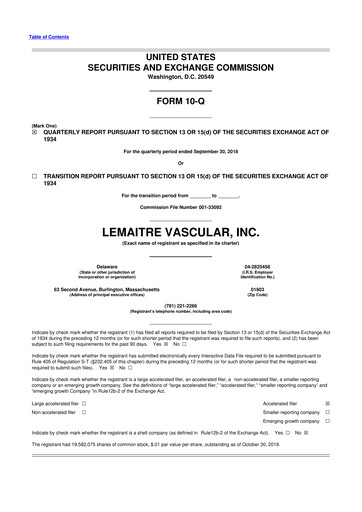Thumbnail LeMaitre Vascular 10-Q Quarterly Report FY2018 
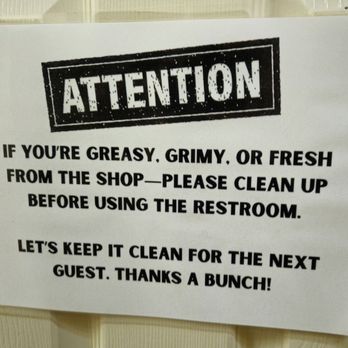 Laye's Tire Service - LOL at the signs on the Restroom doors! The men's room was spotless! - Tires Near Me - Avon Park, Florida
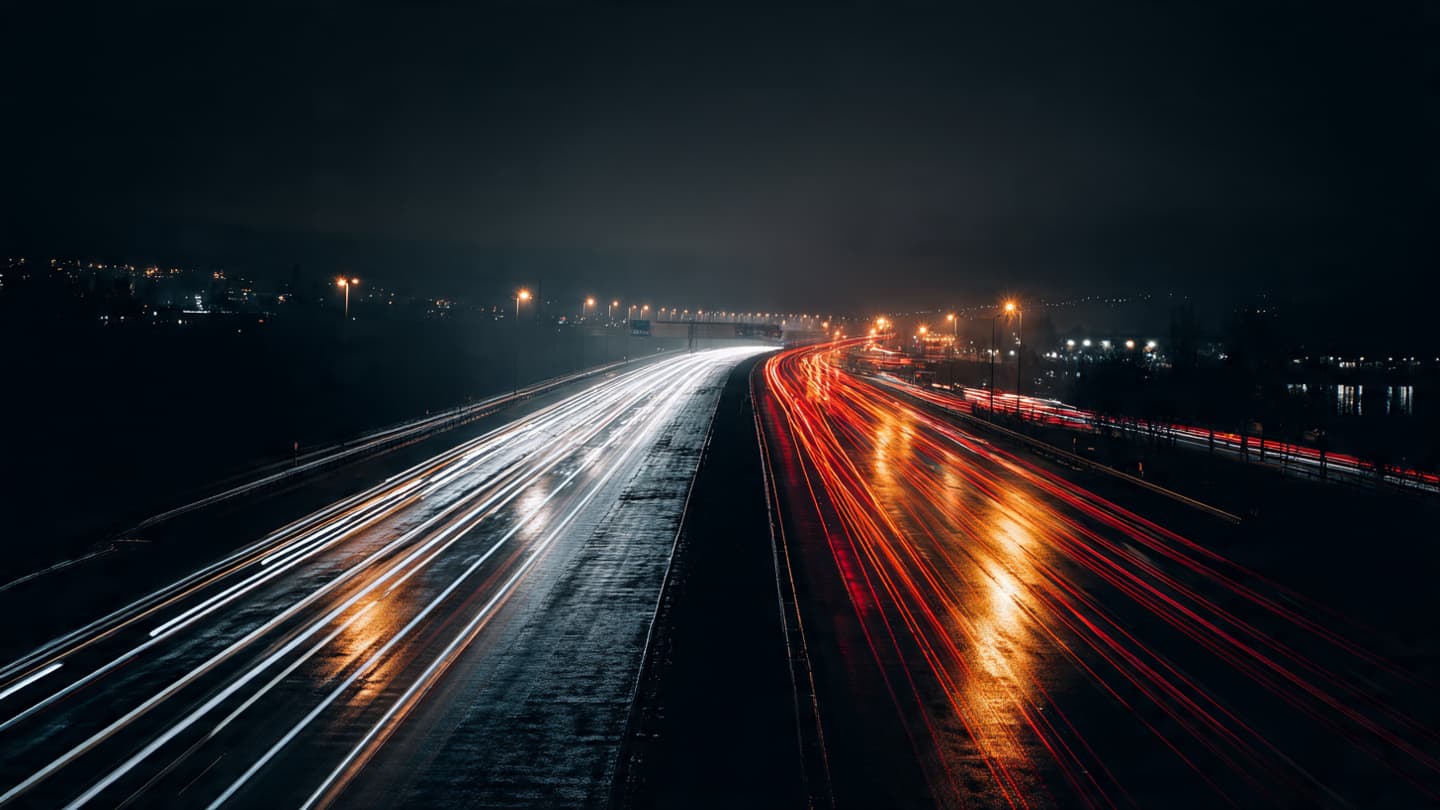 Between The Painted Lines Of A Houston Night When The Dark Road Led Quietly Nowhere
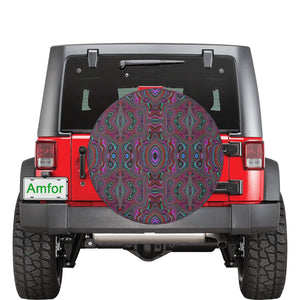 Spare Tire Covers, Trippy Seafoam Green and Magenta Abstract Pattern - Large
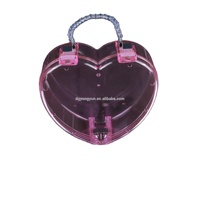 Boîte à cadeau en plastique, boîtier cadeau en forme de cœur avec motifs artisanaux, boîtier de rangement transparent pour art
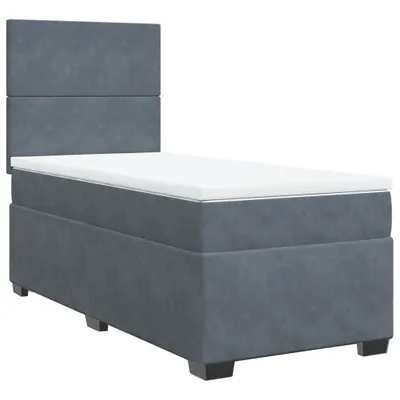 Produktbild von vidaXL Boxspringbett mit Matratze Dunkelgrau 90x200 cm Samt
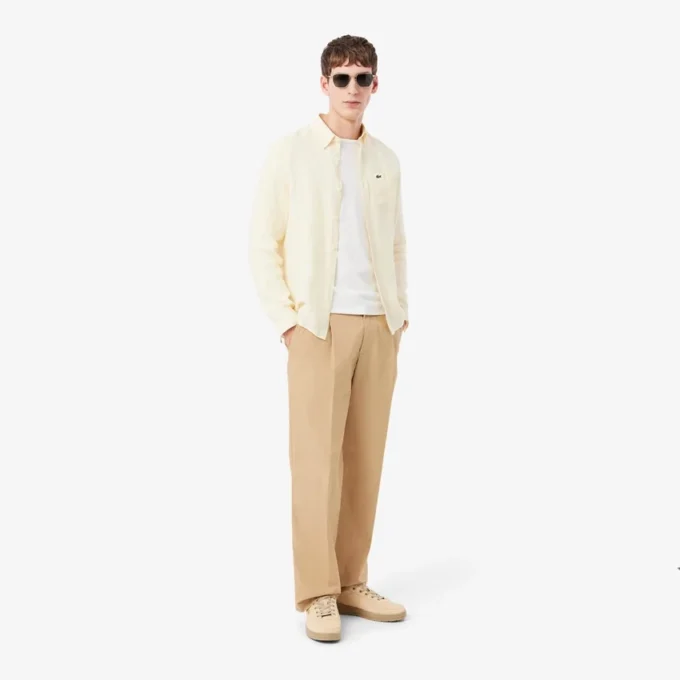 Pantalon chino en coton coupe droite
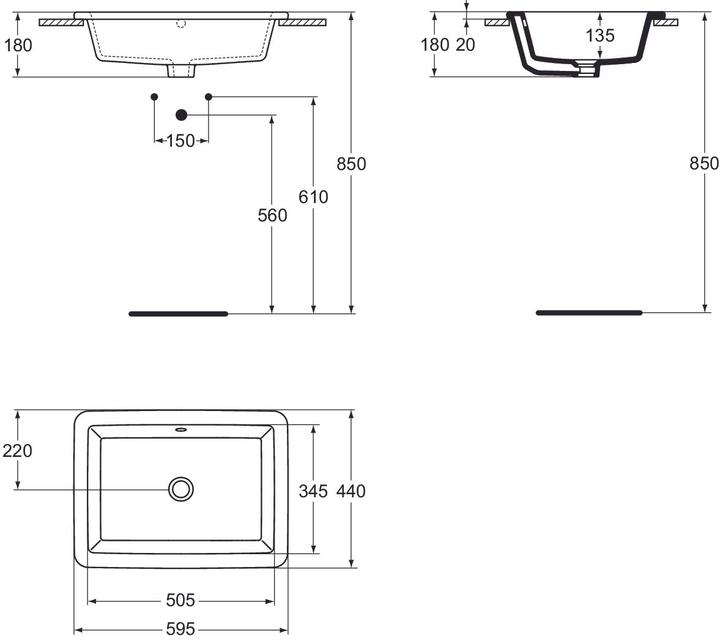Produktbild Ideal Standard IDS Einsatzwaschtisch STRADA 595x435x170mm weiss (435 mm, 595 mm)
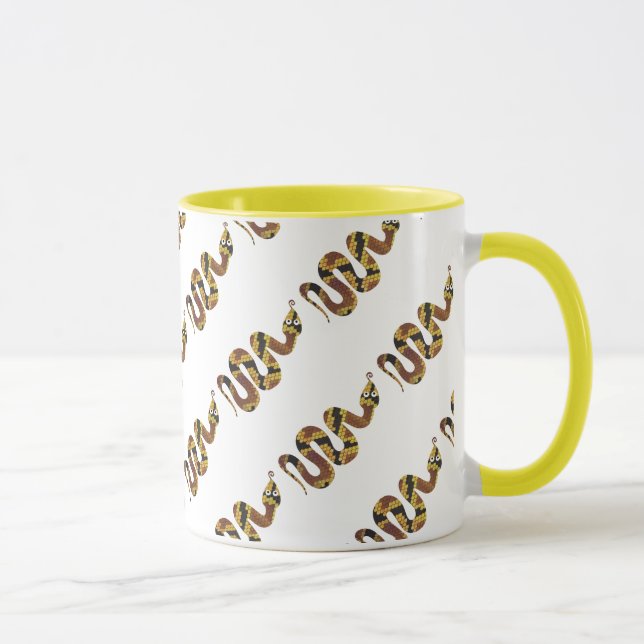 Snake Brown and Gold Silhouette Mug (Right)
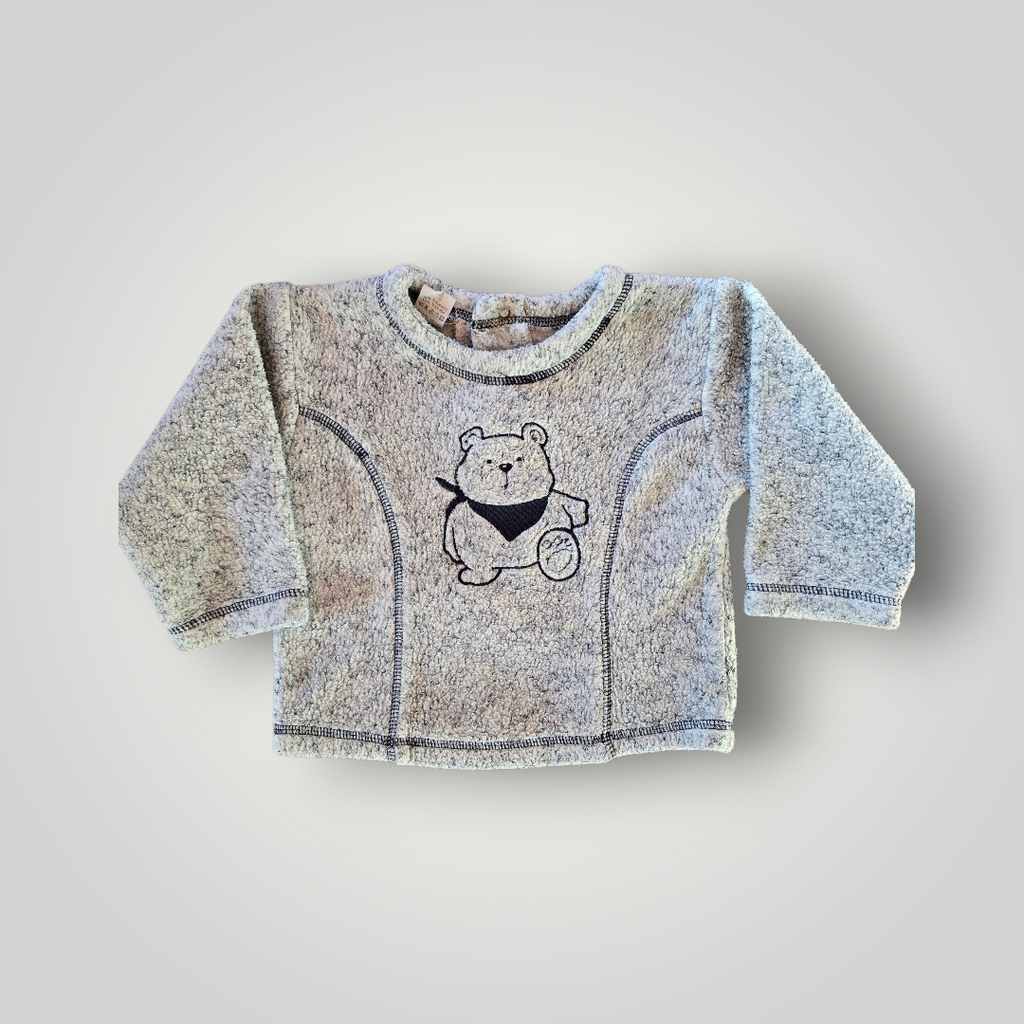 Fleece Pulli mit Teddy Motiv Gr.80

Work instructions
Restate word for word the lines of the data above that begin at the line with "Laye's Tire Service" and end at the line with "Spare Tire Covers, Trippy", keeping both ends and dropping every picture.

Completed task
 Laye's Tire Service - LOL at the signs on the Restroom doors! The men's room was spotless! - Tires Near Me - Avon Park, Florida
 Between The Painted Lines Of A Houston Night When The Dark Road Led Quietly Nowhere
 Spare Tire Covers, Trippy Seafoam Green and Magenta Abstract Pattern - Large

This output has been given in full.